» **Work required**
Take the data below and write it out exactly, except for the pictures.

Web page caption snippets
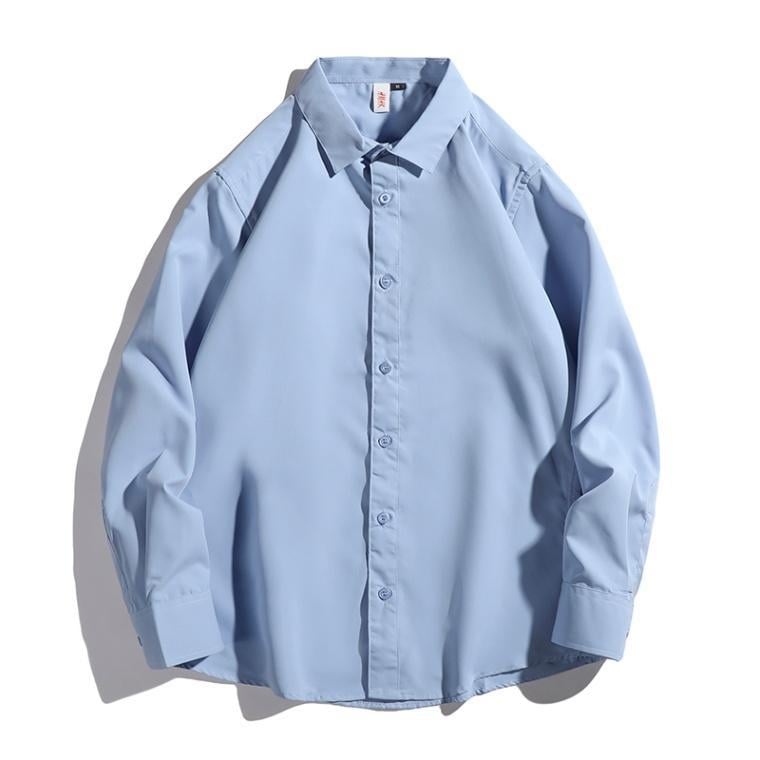 Bărbați și femei, cămașă casual cu mânecă lungă, stil retro, stil la modă, culoare solidă, stil simplu, stil retro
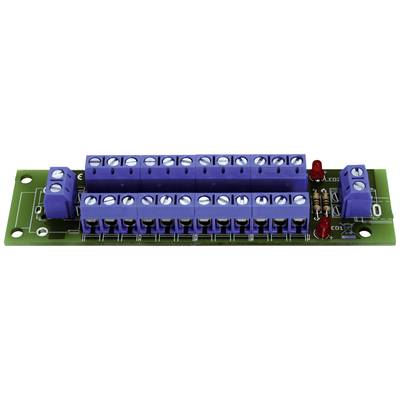 Circuit board with purple connection terminals, suitable for electrical connections. Contains LEDs on the right side for status indication.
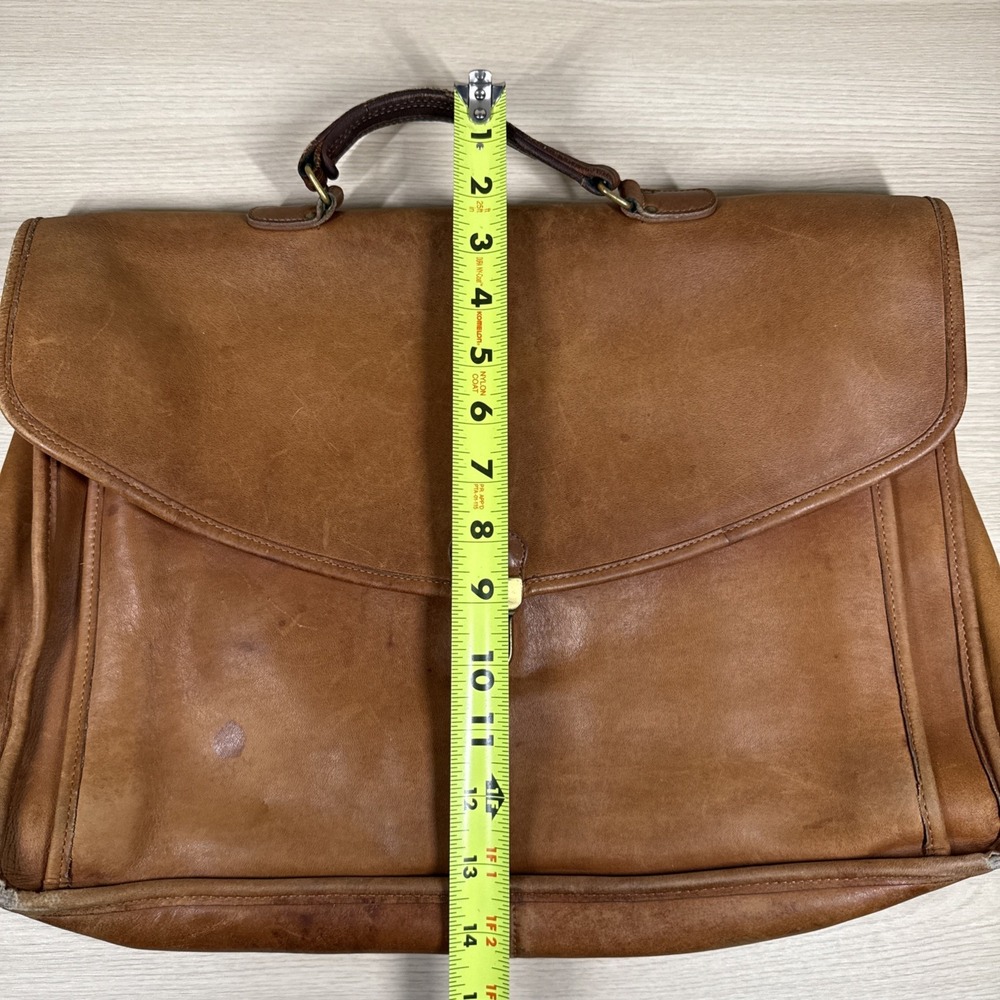 Vintage Coach Morgan Brown Smooth Leather Briefcase Bag No Shoulder Strap - Picture 3 of 16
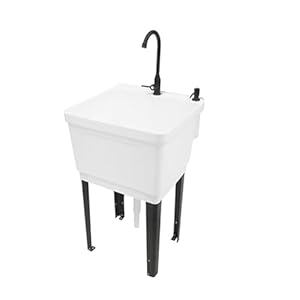 Generisch OEEEDVRYY Freistehendes Kunststoff-Spülbecken 50x48,3x84 cm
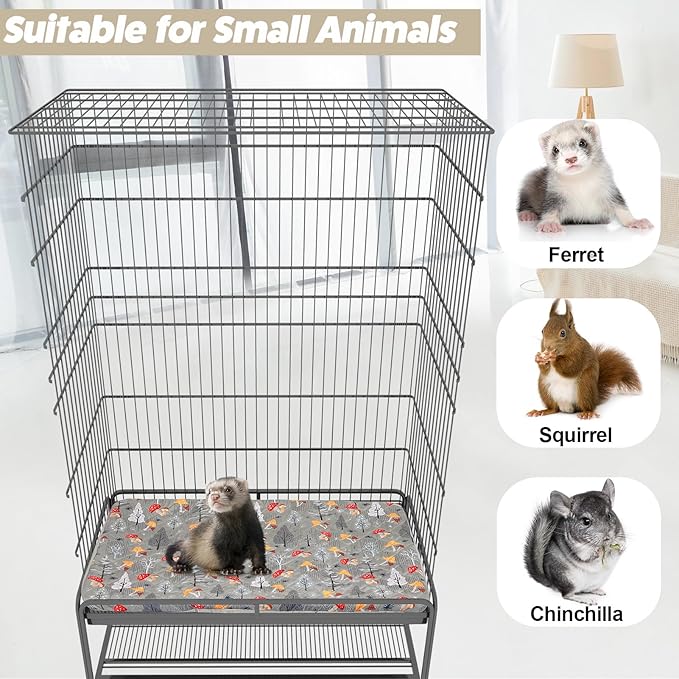 Bienbee Ferret Cage Liner Set, Waterproof Ferrets Cage Accessories for Small Animals Rats Chinchillas Hedgehogs Ferrets(Gray Mushroom,Bottom Pan Liner)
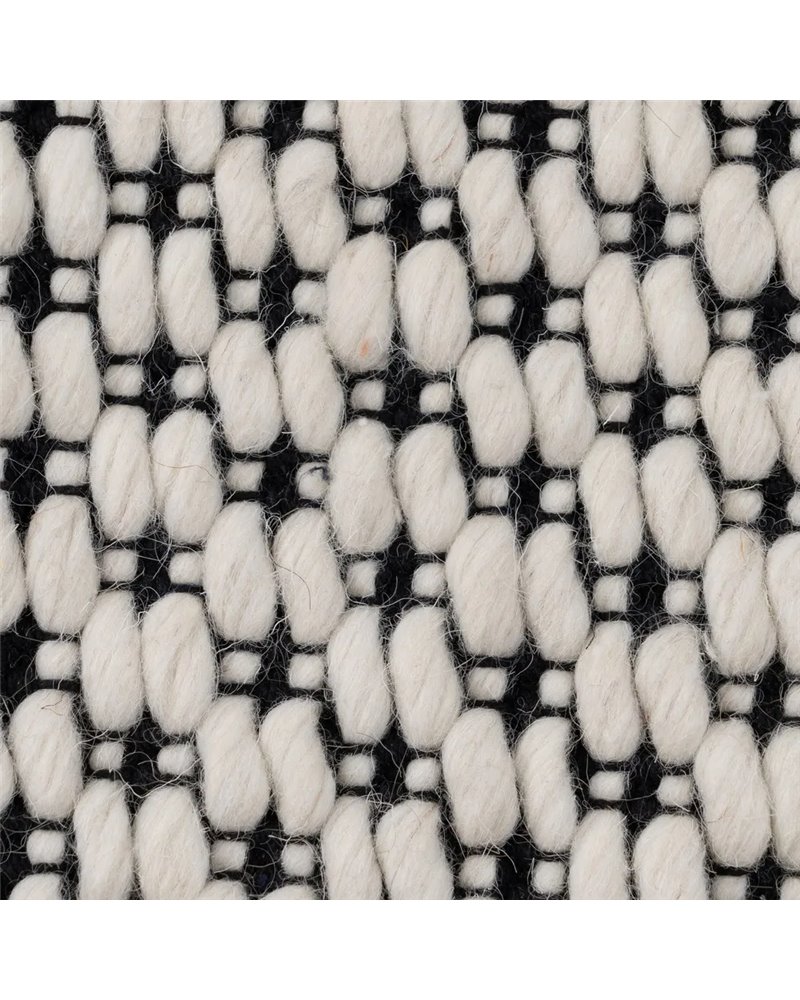 ALFOMBRA BLANCO-NEGRO TEJIDO DECORACIÓN 160 X 230 CM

» **Solution below**
 Bărbați și femei, cămașă casual cu mânecă lungă, stil retro, stil la modă, culoare solidă, stil simplu, stil retro
 Circuit board with purple connection terminals, suitable for electrical connections. Contains LEDs on the right side for status indication.
 Vintage Coach Morgan Brown Smooth Leather Briefcase Bag No Shoulder Strap - Picture 3 of 16
 Generisch OEEEDVRYY Freistehendes Kunststoff-Spülbecken 50x48,3x84 cm
 Bienbee Ferret Cage Liner Set, Waterproof Ferrets Cage Accessories for Small Animals Rats Chinchillas Hedgehogs Ferrets(Gray Mushroom,Bottom Pan Liner)
 ALFOMBRA BLANCO-NEGRO TEJIDO DECORACIÓN 160 X 230 CM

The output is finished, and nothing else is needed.